BokehDepth: Enhancing Monocular Depth Estimation through Bokeh Generation
This work addresses a domain-specific problem in computer vision for enhancing depth estimation and bokeh rendering, with incremental improvements over existing methods.
The paper tackled the problem of incomplete coupling between bokeh generation and monocular depth estimation by introducing BokehDepth, a two-stage framework that uses defocus as a supervision-free cue, resulting in improved visual fidelity over baselines and consistent boosts in metric accuracy and robustness for depth models.
Bokeh and monocular depth estimation are tightly coupled through the same lens imaging geometry, yet current methods exploit this connection in incomplete ways. High-quality bokeh rendering pipelines typically depend on noisy depth maps, which amplify estimation errors into visible artifacts, while modern monocular metric depth models still struggle on weakly textured, distant and geometrically ambiguous regions where defocus cues are most informative.
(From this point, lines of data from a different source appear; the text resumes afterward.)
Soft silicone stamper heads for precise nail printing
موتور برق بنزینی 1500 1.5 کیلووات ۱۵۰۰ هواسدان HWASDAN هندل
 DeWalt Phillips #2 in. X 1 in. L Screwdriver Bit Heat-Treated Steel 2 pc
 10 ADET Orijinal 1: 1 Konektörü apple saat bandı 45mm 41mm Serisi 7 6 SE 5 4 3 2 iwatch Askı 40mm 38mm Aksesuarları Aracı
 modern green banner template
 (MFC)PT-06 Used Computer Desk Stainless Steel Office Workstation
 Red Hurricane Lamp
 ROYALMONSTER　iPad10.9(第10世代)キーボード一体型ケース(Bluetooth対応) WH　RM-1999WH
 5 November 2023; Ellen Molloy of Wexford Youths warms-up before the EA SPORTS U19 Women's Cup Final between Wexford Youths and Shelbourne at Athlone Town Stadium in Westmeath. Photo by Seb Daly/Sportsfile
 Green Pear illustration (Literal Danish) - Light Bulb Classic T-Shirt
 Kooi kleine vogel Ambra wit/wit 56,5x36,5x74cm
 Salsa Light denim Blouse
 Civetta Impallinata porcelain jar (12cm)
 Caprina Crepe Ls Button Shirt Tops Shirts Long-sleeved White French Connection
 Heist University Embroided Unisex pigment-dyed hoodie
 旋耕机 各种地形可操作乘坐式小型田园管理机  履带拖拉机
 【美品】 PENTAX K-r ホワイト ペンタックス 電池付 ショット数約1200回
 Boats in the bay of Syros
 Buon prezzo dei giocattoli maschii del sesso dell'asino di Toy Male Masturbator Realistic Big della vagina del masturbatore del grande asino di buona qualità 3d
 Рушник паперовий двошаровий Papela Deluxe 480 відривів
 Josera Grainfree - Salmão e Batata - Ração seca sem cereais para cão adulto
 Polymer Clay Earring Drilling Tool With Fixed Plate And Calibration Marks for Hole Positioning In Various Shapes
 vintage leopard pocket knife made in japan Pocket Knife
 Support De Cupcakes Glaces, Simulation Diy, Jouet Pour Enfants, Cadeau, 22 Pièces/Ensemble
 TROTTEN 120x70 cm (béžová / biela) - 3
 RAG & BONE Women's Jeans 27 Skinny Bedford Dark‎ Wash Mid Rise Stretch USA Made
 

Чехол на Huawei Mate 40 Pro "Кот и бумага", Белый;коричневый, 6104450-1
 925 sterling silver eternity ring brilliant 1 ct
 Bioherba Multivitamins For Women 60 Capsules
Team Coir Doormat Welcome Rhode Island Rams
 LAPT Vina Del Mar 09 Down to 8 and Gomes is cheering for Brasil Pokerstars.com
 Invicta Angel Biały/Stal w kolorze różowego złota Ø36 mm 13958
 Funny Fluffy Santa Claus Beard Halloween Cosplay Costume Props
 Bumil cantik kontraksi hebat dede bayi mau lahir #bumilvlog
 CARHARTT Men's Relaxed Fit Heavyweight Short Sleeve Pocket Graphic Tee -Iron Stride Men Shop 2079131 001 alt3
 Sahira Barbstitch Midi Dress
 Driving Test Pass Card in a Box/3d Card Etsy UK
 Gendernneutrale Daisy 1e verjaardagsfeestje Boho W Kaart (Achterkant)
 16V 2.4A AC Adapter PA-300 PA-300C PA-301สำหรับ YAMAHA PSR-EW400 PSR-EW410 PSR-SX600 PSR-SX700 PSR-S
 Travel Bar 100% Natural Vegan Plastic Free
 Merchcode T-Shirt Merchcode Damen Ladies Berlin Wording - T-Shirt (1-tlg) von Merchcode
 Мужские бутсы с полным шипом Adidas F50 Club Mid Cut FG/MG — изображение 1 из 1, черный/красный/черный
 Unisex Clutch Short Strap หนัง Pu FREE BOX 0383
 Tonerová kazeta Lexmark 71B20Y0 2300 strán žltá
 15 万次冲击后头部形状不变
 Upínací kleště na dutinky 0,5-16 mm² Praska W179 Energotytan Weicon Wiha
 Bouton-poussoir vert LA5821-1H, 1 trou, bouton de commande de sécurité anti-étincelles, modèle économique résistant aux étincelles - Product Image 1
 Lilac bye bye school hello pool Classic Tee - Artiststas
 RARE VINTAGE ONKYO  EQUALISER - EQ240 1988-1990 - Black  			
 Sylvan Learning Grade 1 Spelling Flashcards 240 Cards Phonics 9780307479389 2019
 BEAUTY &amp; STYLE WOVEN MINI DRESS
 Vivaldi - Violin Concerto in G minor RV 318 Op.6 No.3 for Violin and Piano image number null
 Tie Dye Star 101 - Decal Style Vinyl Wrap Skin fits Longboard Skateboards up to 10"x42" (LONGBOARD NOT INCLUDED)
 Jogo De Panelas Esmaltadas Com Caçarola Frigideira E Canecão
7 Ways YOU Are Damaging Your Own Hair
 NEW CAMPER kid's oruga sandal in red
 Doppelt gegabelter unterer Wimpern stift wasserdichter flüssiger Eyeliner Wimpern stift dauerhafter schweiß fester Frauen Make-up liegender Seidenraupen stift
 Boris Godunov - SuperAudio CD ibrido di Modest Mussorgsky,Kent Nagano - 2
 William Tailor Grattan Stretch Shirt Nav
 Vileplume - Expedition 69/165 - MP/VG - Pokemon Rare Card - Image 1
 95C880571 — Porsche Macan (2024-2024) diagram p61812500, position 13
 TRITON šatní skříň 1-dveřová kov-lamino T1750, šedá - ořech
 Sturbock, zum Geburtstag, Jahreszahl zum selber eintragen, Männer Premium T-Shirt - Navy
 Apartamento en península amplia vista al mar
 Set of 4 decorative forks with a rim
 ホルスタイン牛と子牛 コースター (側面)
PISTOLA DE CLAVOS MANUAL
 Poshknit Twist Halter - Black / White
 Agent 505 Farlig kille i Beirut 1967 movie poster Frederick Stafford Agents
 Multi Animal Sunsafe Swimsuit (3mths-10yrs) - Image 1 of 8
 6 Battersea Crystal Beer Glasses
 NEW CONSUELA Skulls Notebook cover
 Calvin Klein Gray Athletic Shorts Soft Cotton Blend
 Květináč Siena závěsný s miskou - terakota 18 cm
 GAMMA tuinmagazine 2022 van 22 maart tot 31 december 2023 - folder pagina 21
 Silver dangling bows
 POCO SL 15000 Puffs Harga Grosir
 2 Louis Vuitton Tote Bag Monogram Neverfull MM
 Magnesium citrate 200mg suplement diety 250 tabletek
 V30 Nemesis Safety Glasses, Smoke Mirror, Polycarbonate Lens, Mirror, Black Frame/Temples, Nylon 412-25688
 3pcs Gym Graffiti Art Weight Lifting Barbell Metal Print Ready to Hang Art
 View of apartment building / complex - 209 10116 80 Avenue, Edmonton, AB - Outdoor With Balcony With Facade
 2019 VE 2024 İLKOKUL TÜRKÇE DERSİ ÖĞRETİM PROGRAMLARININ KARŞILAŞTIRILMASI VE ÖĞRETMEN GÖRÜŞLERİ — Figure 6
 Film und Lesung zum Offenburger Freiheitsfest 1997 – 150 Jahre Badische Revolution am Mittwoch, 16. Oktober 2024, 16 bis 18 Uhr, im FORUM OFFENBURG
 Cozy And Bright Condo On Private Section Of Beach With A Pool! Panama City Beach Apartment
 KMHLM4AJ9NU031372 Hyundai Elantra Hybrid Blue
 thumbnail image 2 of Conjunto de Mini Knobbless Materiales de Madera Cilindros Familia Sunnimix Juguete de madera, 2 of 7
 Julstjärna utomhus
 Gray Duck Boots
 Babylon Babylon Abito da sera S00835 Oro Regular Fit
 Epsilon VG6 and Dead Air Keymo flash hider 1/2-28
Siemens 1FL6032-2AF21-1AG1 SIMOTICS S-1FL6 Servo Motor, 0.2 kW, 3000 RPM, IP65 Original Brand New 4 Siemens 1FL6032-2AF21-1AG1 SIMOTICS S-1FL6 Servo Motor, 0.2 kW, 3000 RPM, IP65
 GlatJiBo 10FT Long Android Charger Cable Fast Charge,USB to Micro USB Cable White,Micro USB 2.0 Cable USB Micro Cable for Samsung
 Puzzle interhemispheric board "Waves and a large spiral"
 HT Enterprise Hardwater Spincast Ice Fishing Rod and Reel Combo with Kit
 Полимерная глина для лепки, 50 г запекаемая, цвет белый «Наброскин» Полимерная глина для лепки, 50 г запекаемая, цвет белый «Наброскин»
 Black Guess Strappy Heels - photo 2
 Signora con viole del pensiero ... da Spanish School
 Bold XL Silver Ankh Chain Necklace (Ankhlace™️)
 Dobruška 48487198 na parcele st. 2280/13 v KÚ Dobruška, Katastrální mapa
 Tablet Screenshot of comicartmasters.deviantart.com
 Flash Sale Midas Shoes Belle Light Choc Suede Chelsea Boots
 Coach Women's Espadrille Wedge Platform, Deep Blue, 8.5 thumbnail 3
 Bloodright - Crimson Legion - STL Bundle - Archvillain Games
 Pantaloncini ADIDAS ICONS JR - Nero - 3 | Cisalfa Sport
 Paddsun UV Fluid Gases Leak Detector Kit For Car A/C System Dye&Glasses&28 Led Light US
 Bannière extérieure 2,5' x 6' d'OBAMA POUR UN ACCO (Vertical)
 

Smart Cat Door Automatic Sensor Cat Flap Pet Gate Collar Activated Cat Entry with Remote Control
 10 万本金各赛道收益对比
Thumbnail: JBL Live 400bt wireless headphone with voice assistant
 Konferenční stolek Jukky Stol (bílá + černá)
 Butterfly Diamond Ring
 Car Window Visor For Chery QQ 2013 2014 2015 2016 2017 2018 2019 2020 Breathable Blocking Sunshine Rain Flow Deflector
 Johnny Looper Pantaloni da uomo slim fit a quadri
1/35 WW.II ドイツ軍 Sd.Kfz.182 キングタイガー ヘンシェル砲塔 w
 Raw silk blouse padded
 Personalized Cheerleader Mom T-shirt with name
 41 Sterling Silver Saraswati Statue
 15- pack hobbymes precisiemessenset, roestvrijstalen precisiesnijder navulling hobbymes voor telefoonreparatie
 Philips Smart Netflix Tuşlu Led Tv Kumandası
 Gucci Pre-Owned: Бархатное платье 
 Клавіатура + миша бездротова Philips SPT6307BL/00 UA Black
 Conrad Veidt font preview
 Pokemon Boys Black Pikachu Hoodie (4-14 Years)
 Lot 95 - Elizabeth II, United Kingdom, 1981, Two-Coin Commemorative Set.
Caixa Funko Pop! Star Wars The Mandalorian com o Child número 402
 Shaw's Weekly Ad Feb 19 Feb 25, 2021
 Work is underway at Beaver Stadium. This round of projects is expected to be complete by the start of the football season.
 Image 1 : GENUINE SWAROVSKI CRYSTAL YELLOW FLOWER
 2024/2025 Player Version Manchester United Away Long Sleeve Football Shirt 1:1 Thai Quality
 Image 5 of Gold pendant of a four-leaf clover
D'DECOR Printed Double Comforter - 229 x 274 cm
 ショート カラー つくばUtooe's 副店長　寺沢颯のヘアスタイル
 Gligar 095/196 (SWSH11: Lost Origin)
We introduce BokehDepth, a two-stage framework that decouples bokeh synthesis from depth prediction and treats defocus as an auxiliary supervision-free geometric cue. In Stage-1, a physically guided controllable bokeh generator, built on a powerful pretrained image editing backbone, produces depth-free bokeh stacks with calibrated bokeh strength from a single sharp input. In Stage-2, a lightweight defocus-aware aggregation module plugs into existing monocular depth encoders, fuses features along the defocus dimension, and exposes stable depth-sensitive variations while leaving downstream decoder unchanged. Across challenging benchmarks, BokehDepth improves visual fidelity over depth-map-based bokeh baselines and consistently boosts the metric accuracy and robustness of strong monocular depth foundation models.